» EXERCISE GOAL:
Your reply should be the entries, output word for word, with each picture omitted.

::::::::::

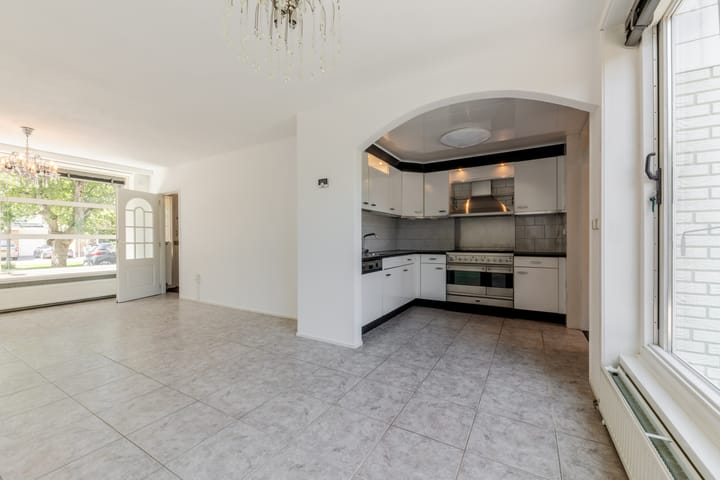 Foto 12 van v Leijdenstraat 16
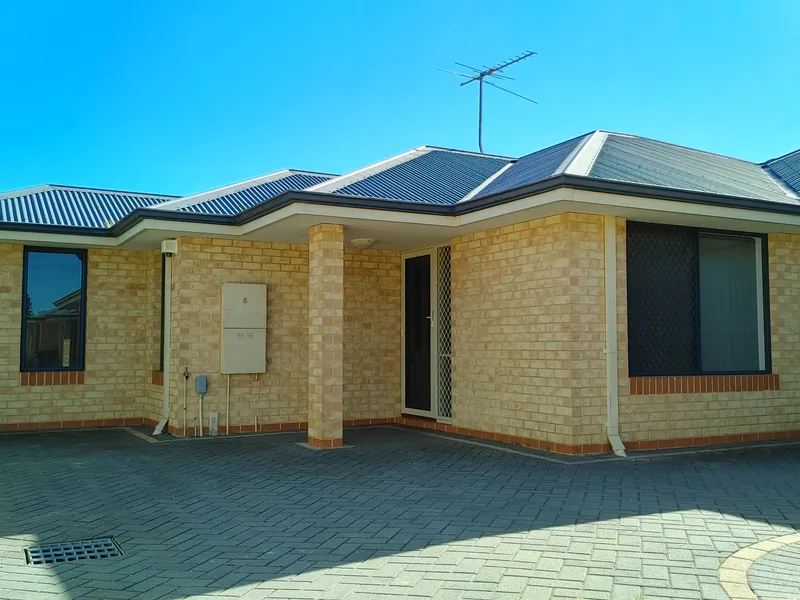 Freshly Painted 3 bedroom, 2 Bathroom Villa.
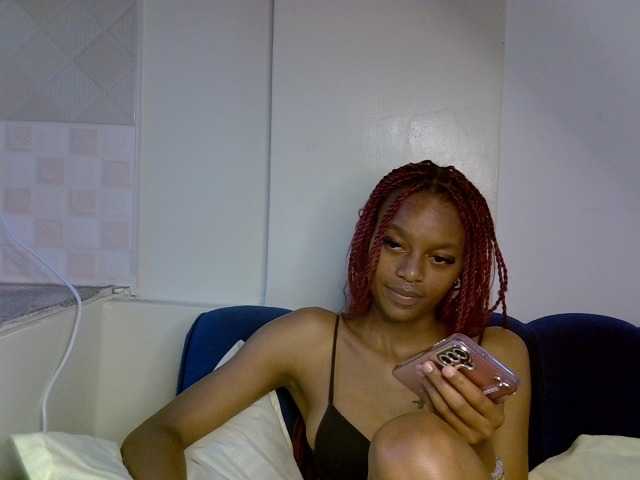 PrettyNoirr live cam on BongaCams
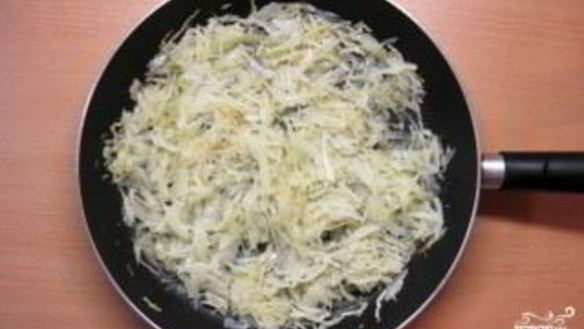 ШАГ 3. пирожки жареные с капустой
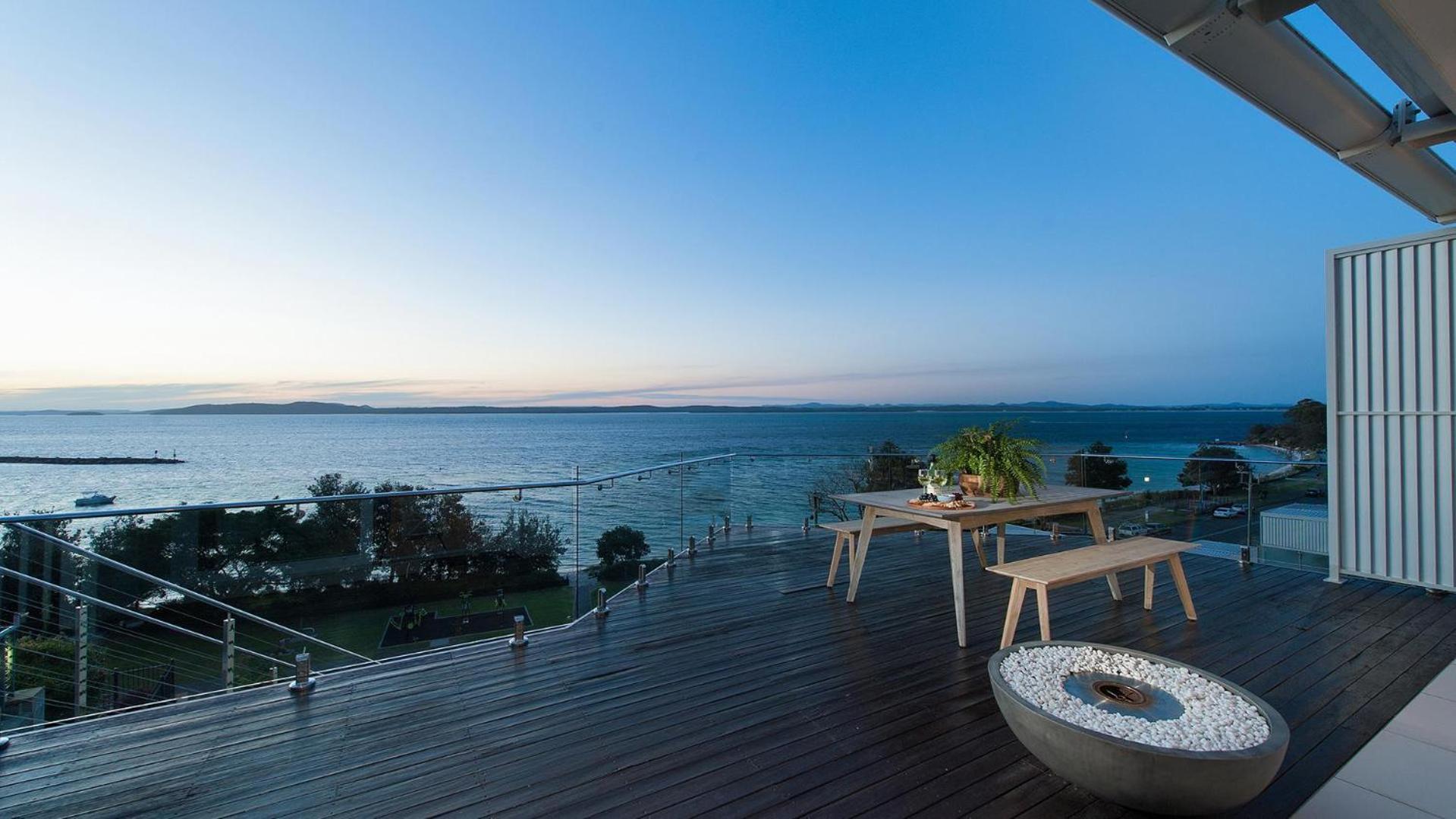 Riviera - Panoramic Water Views In The Heart Of Holiday home Nelson Bay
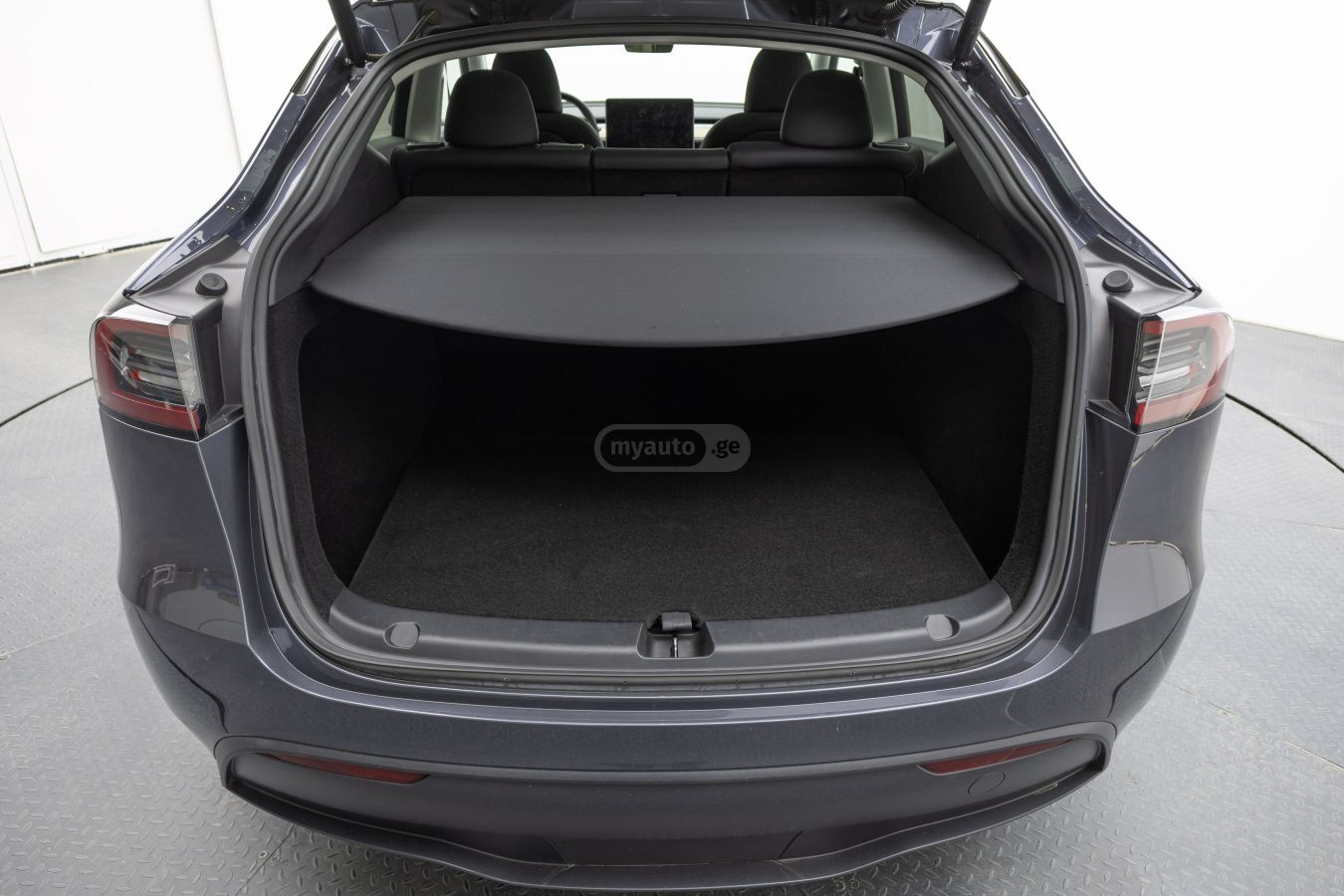 Tesla Model Y - фото 8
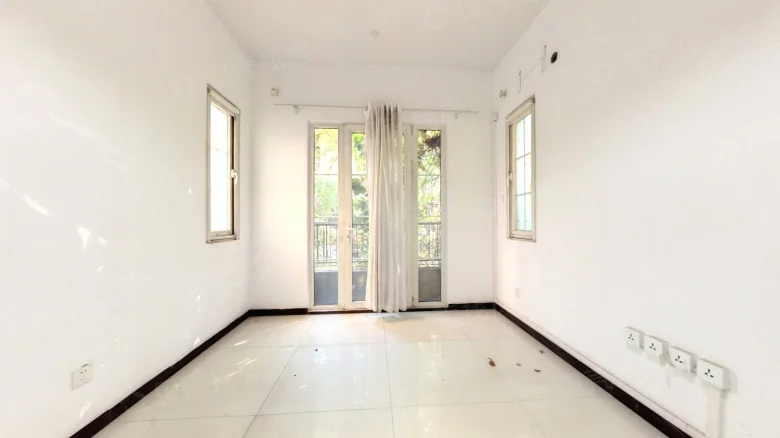 Luhu Wei Lan Fragrant Dew - View 1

::::::::::

» ANSWER SECTION:
 Foto 12 van v Leijdenstraat 16
 Freshly Painted 3 bedroom, 2 Bathroom Villa.
 PrettyNoirr live cam on BongaCams
 ШАГ 3. пирожки жареные с капустой
 Riviera - Panoramic Water Views In The Heart Of Holiday home Nelson Bay
 Tesla Model Y - фото 8
 Luhu Wei Lan Fragrant Dew - View 1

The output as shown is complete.